CORN USED AT A FASTER-THAN-EXPECTED PACE... Despite a 55-million-bu. increase in estimated 2012 corn production, 2012-13 corn carryover was cut 45 million bu. from the December estimate in this morning's Supply & Demand Report. Dec. 1, 2012, corn stocks are put at 8.030 billion bushels. Even with the 55-million-bu. increase in total 2012-13 corn supplies, Dec. 1 stocks were 180 million bu. below the average pre-report trade estimate. The only way that can happen is with stronger-than-expected use in the first quarter of the 2012-13 marketing year. USDA says implied first-quarter corn use was 3.74 billion bu., down just 100 million bu. from the same quarter last year. That led to some significant changes in the Supply & Demand tables from last month.

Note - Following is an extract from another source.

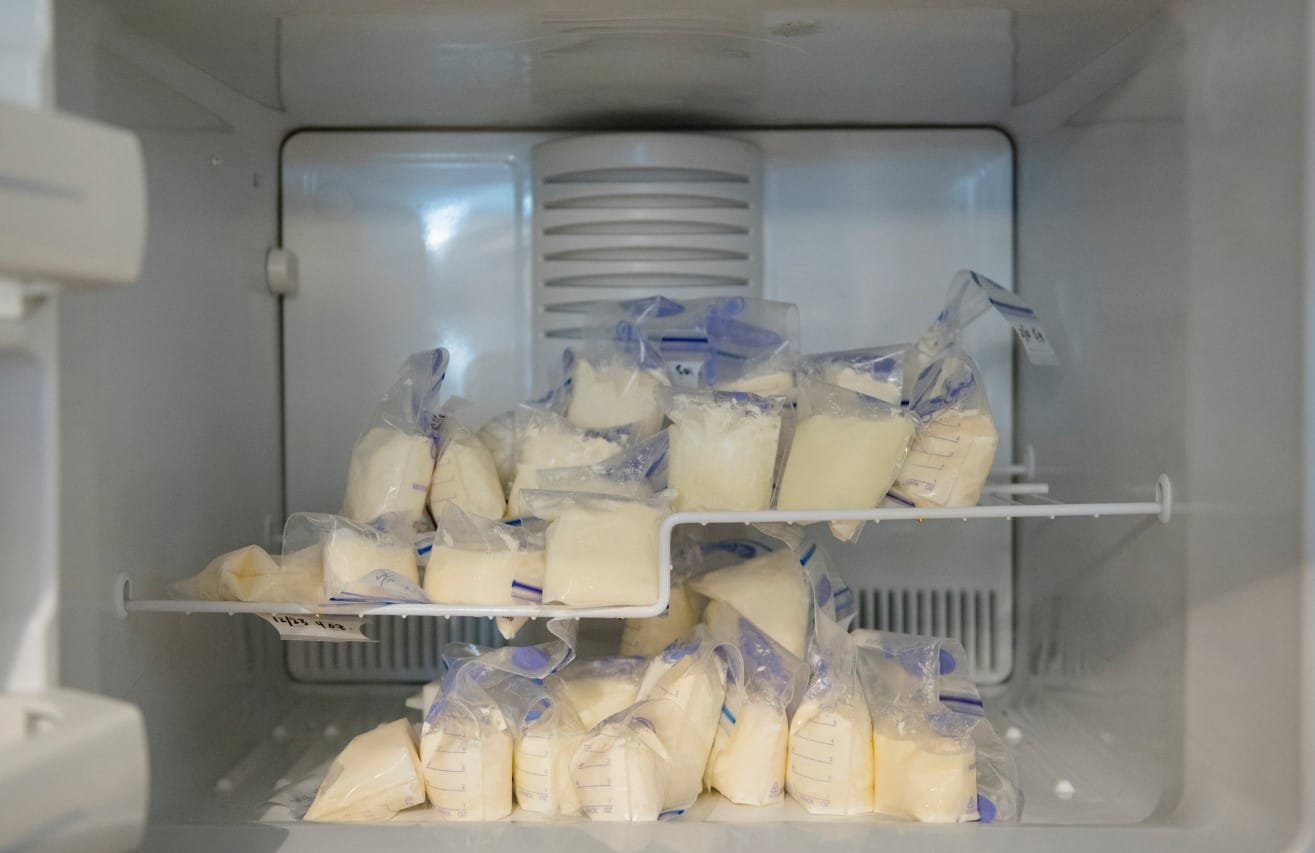 cara memindahkan ASI dari cooler bag ke freezer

• Corn feed & residual use is estimated at 4.45 billion bu., up 300 million bu. from December.
• Corn exports are now estimated at 950 million bu., down 200 million bu. from last month.
• The 100-million-bu. increase in total corn use was further offset by the rise in total supplies.
• The net result was a 45-million-bu. cut in estimated 2012-13 corn carryover to just 602 million bushels.

We’ve argued for sometime that USDA was using negative residual use as part of the feed & residual usage category to "hold up" corn carryover around 650 million bushels. That negative residual seems to have been erased now with the slight increase in total supplies and shockingly low export potential providing the cover to reflect a "zero" residual and actual corn feedings of about 4.45 billion bushels.

From here, we’ll assume USDA’s corn feed & residual estimate reflects reality. The next question to answer now revolves around exports. The 2012-13 corn market is proving exports are the "easiest" corn usage category to ration as feed & residual use now appears accurate. USDA’s estimate of corn-for-ethanol use of 4.5 billion bu. also seems to reflect reality.

If, however, importers need any of the remaining 602 million bu. of U.S. corn, they’ll likely have to pay up for it. Any sign of an increase in export demand will very likely prove to be supportive for U.S. corn futures. That’s especially true with production problems in Argentina that could limit supplies in the second half of the 2012-13 marketing year. Despite the fact that most see an Argentine corn crop below 25 million metric tons (MMT) this year, USDA actually increased its Argentine corn crop peg by 500,000 metric tons (MT), to what is likely a too-high 28 MMT this morning.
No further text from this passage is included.